You get Oaktree Capital Group LLC (OAK), a high-yielding asset manager.

Here are 3 reasons why I think Oaktree Capital Group should be on your radar:

1. Promising returns
Oaktree Capital Group is primarily an asset manager, with its hands deep in the mix of distressed debt and high-yield bonds in every corner of the world. Its distressed debt funds are top-notch, delivering impressive historical returns for its customers.

Of the 50 distressed debt, closed-end funds it started before December 2013, all but one had positive net returns (returns after Oaktree's management fees). The one fund that wasn't in the black was started in March 2013 -- it's too early to call it a loser.

Source: Oaktree's 2013 10-K

To be clear, Oaktree's distressed debt performance isn't a function of the financial crisis. A fund raised in 2005 and closed in mid-2008 still managed to generate internal rates of return of 8.3% to investors, net of fees.

2. It's a play on rates
Oaktree Capital Group's dividend yield of 7% is naturally attractive for income seekers. But so are its own funds. At year-end, Oaktree Capital Group managed a combined $31.8 billion in distressed and high-yield debt. And as investors reach for yield, its funds are a likely endpoint, helping Oaktree generate additional fee income.

Don't confuse Oaktree Capital as a pure-play on low rates, however.

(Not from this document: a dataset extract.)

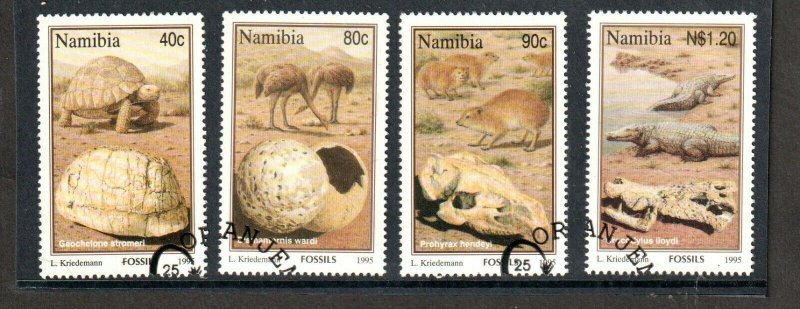 1995   NAMIBIA  -  SG: 663/666  -  FOSSILS  -  USED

Rising rates create their own fortunes. Many of its funds pay the company management fees plus incentive fees for beating a hurdle, often 8% per year. When Oaktree generates returns in excess of 8% for investors, it collects up to 20% of the returns in the form of additional fees.

Low rates attract investors to its high-yield funds. Higher rates down the road could lead to larger incentive income as it becomes easier to generate returns in excess of 8% per year.

3. Assets are sticky and counter-cyclical
Asset management is a great business because clients tend to stick around for a long time, paying fees for decades. Oaktree's clients are some of the world's best -- 75 of the largest pension plans, funds of 37 state governments, and over 300 university endowments, just to name a few.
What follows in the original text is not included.